#### WHAT IS REQUIRED
Leave out the pictures and set down the rest of the listing below word for word.

#### SOURCE DATA
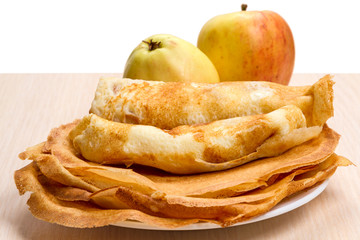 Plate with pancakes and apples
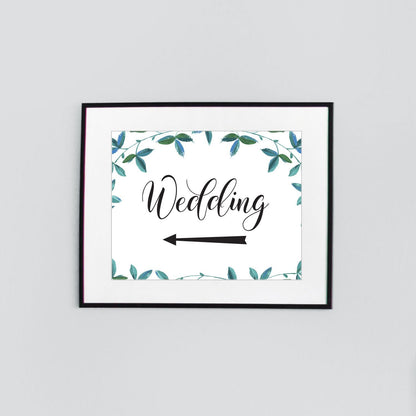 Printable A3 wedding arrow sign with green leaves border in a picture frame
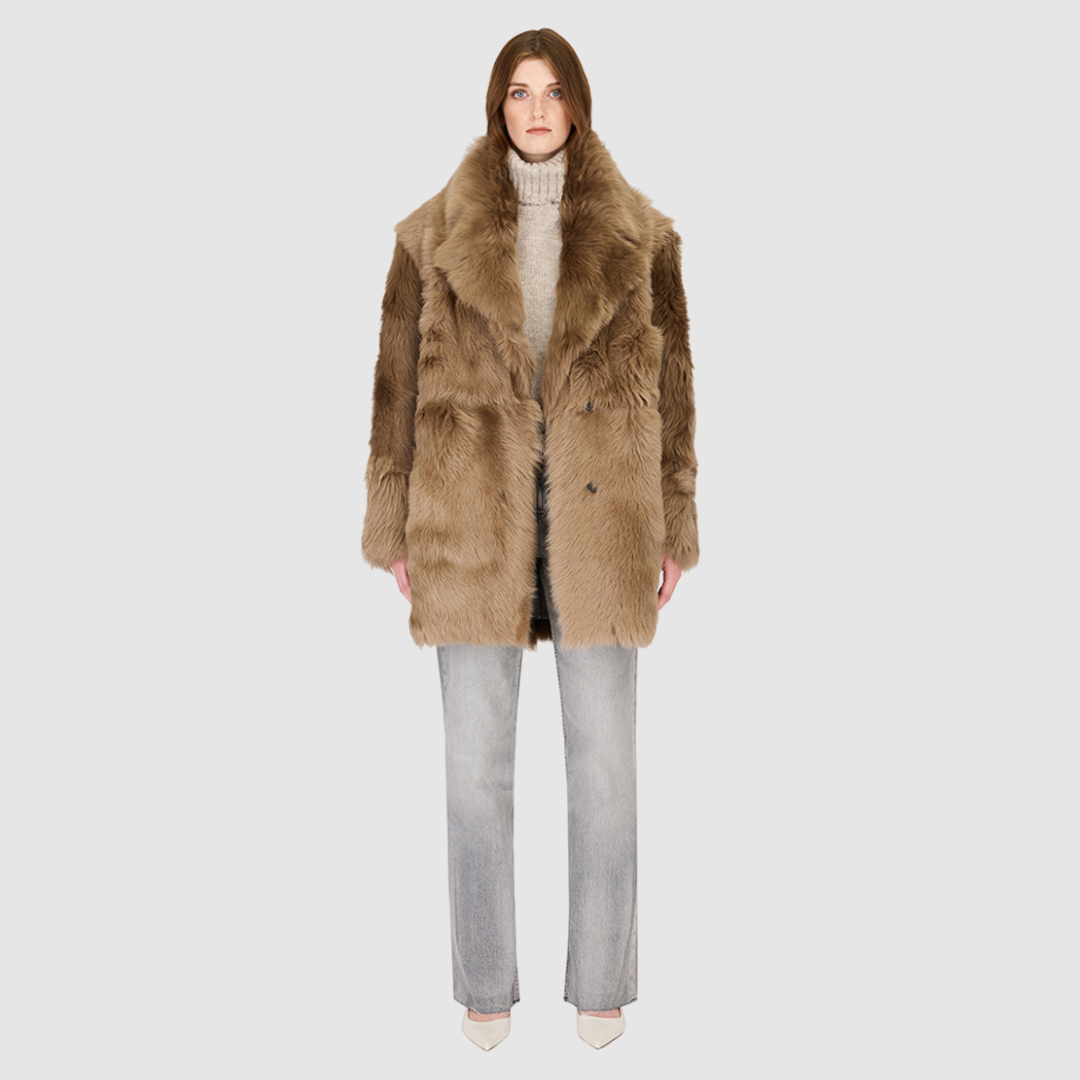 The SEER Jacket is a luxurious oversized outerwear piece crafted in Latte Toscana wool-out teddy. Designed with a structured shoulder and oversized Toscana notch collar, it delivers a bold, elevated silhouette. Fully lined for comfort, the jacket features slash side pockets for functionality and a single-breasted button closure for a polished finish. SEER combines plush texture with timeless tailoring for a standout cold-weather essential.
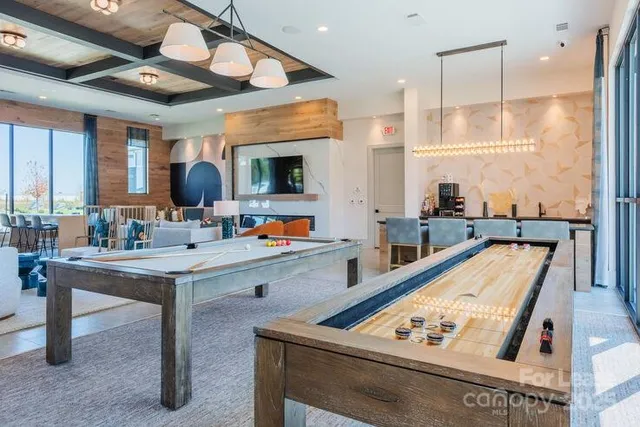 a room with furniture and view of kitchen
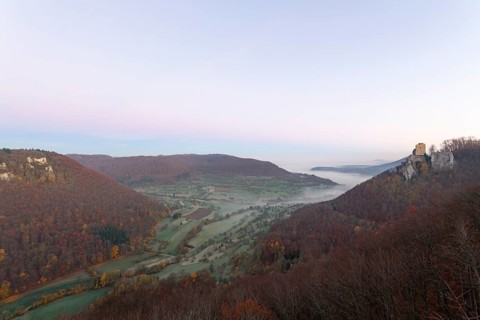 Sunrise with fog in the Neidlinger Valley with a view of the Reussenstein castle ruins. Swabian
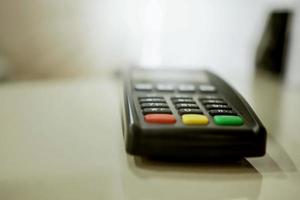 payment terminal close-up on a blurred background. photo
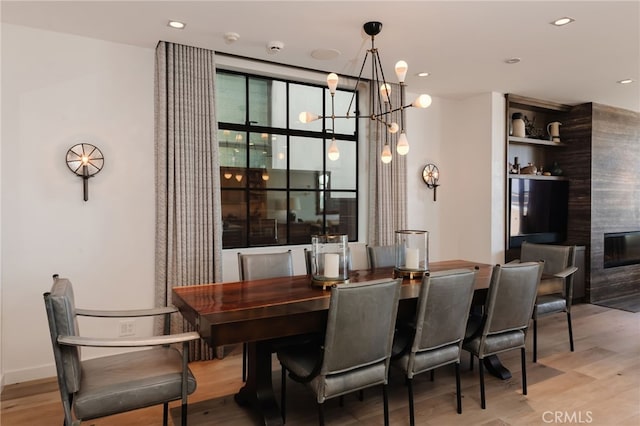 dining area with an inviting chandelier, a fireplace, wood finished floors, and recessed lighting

#### REPLY TO THE EXERCISE
 Plate with pancakes and apples
 Printable A3 wedding arrow sign with green leaves border in a picture frame
 The SEER Jacket is a luxurious oversized outerwear piece crafted in Latte Toscana wool-out teddy. Designed with a structured shoulder and oversized Toscana notch collar, it delivers a bold, elevated silhouette. Fully lined for comfort, the jacket features slash side pockets for functionality and a single-breasted button closure for a polished finish. SEER combines plush texture with timeless tailoring for a standout cold-weather essential.
 a room with furniture and view of kitchen
 Sunrise with fog in the Neidlinger Valley with a view of the Reussenstein castle ruins. Swabian
 payment terminal close-up on a blurred background. photo
 dining area with an inviting chandelier, a fireplace, wood finished floors, and recessed lighting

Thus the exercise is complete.